*Supplied records*
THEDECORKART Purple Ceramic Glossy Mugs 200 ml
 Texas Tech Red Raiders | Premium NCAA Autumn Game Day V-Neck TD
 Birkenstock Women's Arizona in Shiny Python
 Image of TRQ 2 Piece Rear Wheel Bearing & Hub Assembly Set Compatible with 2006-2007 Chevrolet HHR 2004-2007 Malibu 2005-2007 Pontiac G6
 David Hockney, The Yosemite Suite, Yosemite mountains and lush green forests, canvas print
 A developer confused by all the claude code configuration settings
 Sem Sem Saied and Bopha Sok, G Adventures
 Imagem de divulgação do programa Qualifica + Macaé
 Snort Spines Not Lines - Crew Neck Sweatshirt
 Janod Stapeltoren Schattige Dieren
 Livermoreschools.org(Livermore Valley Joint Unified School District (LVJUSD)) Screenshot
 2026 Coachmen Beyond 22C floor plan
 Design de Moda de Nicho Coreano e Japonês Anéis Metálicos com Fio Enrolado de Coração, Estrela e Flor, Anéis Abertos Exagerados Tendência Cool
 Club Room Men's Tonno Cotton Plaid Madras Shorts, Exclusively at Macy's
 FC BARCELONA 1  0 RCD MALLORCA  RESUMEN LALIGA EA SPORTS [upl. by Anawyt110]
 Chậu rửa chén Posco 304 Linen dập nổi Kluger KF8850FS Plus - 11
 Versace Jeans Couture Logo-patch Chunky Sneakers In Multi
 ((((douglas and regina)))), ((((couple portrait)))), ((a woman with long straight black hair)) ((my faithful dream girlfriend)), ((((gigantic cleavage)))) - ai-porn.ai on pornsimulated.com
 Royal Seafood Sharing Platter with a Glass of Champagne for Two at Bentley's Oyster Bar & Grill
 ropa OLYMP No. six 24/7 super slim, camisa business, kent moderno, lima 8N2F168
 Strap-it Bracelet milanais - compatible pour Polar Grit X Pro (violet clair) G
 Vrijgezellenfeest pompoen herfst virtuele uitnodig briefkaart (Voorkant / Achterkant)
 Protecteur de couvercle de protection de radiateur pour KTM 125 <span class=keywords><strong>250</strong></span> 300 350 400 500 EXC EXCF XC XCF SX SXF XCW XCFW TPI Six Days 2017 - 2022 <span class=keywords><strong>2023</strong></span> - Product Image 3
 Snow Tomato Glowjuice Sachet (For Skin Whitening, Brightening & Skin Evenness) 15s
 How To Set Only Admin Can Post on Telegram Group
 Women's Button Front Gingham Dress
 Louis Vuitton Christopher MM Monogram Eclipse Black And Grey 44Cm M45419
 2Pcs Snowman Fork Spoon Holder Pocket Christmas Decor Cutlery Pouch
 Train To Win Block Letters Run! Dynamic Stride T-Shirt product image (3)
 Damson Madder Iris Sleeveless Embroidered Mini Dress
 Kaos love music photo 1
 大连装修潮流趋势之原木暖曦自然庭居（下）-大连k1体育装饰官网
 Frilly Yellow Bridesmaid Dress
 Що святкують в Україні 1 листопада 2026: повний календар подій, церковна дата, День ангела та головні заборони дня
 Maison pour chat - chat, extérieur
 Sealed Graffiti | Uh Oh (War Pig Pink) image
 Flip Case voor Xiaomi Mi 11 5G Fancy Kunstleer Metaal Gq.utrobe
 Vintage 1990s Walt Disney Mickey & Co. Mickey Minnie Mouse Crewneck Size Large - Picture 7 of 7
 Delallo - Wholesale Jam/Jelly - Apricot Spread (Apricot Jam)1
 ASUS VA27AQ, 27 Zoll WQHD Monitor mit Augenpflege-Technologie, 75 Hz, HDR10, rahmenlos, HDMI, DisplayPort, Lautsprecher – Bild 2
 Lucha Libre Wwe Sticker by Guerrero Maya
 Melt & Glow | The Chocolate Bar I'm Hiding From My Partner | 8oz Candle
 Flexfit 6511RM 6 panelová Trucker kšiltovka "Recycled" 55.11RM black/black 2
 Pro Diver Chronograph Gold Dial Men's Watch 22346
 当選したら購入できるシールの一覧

*Directions*
Copy each entry exactly, leaving every line as it is.

*Task answer*
THEDECORKART Purple Ceramic Glossy Mugs 200 ml
 Texas Tech Red Raiders | Premium NCAA Autumn Game Day V-Neck TD
 Birkenstock Women's Arizona in Shiny Python
 Image of TRQ 2 Piece Rear Wheel Bearing & Hub Assembly Set Compatible with 2006-2007 Chevrolet HHR 2004-2007 Malibu 2005-2007 Pontiac G6
 David Hockney, The Yosemite Suite, Yosemite mountains and lush green forests, canvas print
 A developer confused by all the claude code configuration settings
 Sem Sem Saied and Bopha Sok, G Adventures
 Imagem de divulgação do programa Qualifica + Macaé
 Snort Spines Not Lines - Crew Neck Sweatshirt
 Janod Stapeltoren Schattige Dieren
 Livermoreschools.org(Livermore Valley Joint Unified School District (LVJUSD)) Screenshot
 2026 Coachmen Beyond 22C floor plan
 Design de Moda de Nicho Coreano e Japonês Anéis Metálicos com Fio Enrolado de Coração, Estrela e Flor, Anéis Abertos Exagerados Tendência Cool
 Club Room Men's Tonno Cotton Plaid Madras Shorts, Exclusively at Macy's
 FC BARCELONA 1  0 RCD MALLORCA  RESUMEN LALIGA EA SPORTS [upl. by Anawyt110]
 Chậu rửa chén Posco 304 Linen dập nổi Kluger KF8850FS Plus - 11
 Versace Jeans Couture Logo-patch Chunky Sneakers In Multi
 ((((douglas and regina)))), ((((couple portrait)))), ((a woman with long straight black hair)) ((my faithful dream girlfriend)), ((((gigantic cleavage)))) - ai-porn.ai on pornsimulated.com
 Royal Seafood Sharing Platter with a Glass of Champagne for Two at Bentley's Oyster Bar & Grill
 ropa OLYMP No. six 24/7 super slim, camisa business, kent moderno, lima 8N2F168
 Strap-it Bracelet milanais - compatible pour Polar Grit X Pro (violet clair) G
 Vrijgezellenfeest pompoen herfst virtuele uitnodig briefkaart (Voorkant / Achterkant)
 Protecteur de couvercle de protection de radiateur pour KTM 125 <span class=keywords><strong>250</strong></span> 300 350 400 500 EXC EXCF XC XCF SX SXF XCW XCFW TPI Six Days 2017 - 2022 <span class=keywords><strong>2023</strong></span> - Product Image 3
 Snow Tomato Glowjuice Sachet (For Skin Whitening, Brightening & Skin Evenness) 15s
 How To Set Only Admin Can Post on Telegram Group
 Women's Button Front Gingham Dress
 Louis Vuitton Christopher MM Monogram Eclipse Black And Grey 44Cm M45419
 2Pcs Snowman Fork Spoon Holder Pocket Christmas Decor Cutlery Pouch
 Train To Win Block Letters Run! Dynamic Stride T-Shirt product image (3)
 Damson Madder Iris Sleeveless Embroidered Mini Dress
 Kaos love music photo 1
 大连装修潮流趋势之原木暖曦自然庭居（下）-大连k1体育装饰官网
 Frilly Yellow Bridesmaid Dress
 Що святкують в Україні 1 листопада 2026: повний календар подій, церковна дата, День ангела та головні заборони дня
 Maison pour chat - chat, extérieur
 Sealed Graffiti | Uh Oh (War Pig Pink) image
 Flip Case voor Xiaomi Mi 11 5G Fancy Kunstleer Metaal Gq.utrobe
 Vintage 1990s Walt Disney Mickey & Co. Mickey Minnie Mouse Crewneck Size Large - Picture 7 of 7
 Delallo - Wholesale Jam/Jelly - Apricot Spread (Apricot Jam)1
 ASUS VA27AQ, 27 Zoll WQHD Monitor mit Augenpflege-Technologie, 75 Hz, HDR10, rahmenlos, HDMI, DisplayPort, Lautsprecher – Bild 2
 Lucha Libre Wwe Sticker by Guerrero Maya
 Melt & Glow | The Chocolate Bar I'm Hiding From My Partner | 8oz Candle
 Flexfit 6511RM 6 panelová Trucker kšiltovka "Recycled" 55.11RM black/black 2
 Pro Diver Chronograph Gold Dial Men's Watch 22346
 当選したら購入できるシールの一覧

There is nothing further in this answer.